The Department of Foreign Affairs said in a statement that the plans should be condemned by the international community because they violate maritime domains of countries in the region and impede freedom of navigation.
Chinese state media announced the plans, saying southern Hainan province, which Beijing says administers the South China Sea, had approved laws giving its police the right to search vessels that pass through the waters.
Last week the Philippines, Vietnam, Taiwan and India protested a map on a new Chinese passport that depicts disputed areas as belonging to China.
The Philippine statement said it wants Beijing to "immediately clarify its reported plans to interdict ships that enter what it considers its territory in the South China Sea."
It said Manila was concerned that ships entering waters claimed by China, which is "virtually the entire South China Sea ... can be boarded, inspected, detained, confiscated, immobilized and expelled, among other punitive actions."

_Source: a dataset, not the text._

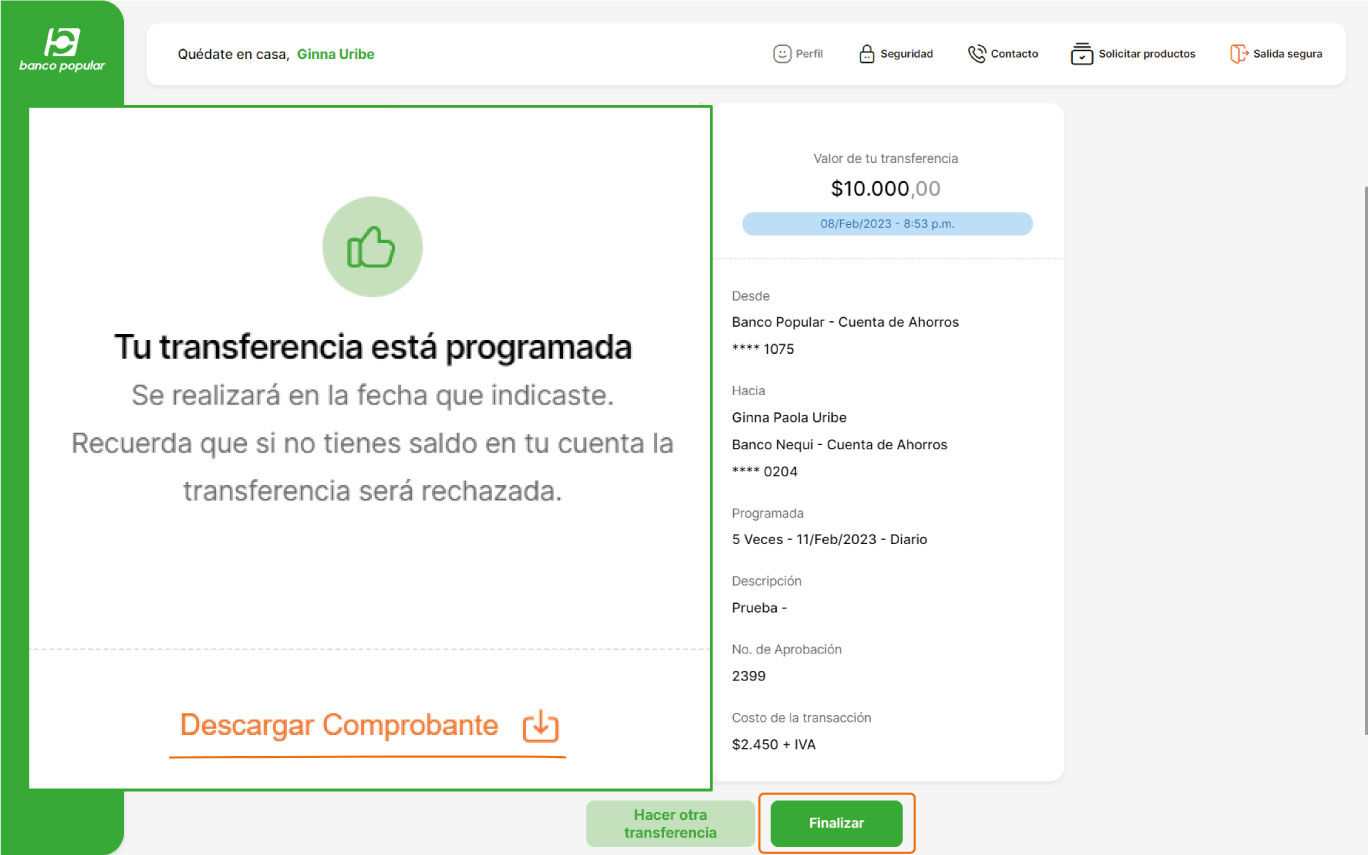 Imagen del dashboard del aplicativo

China's action will be "illegal and will validate the continuous and repeated pronouncements by the Philippines that China's claim of indisputable sovereignty over virtually the entire South China Sea is not only an excessive claim but a threat to all countries," the statement said.
The maritime territorial disputes include the Spratly Islands over which China, the Philippines, Vietnam, Malaysia, Taiwan and Brunei have conflicting claims. The Spratlys chain is believed to sit atop rich oil and gas reserves and straddles one of the world's busiest sea lanes.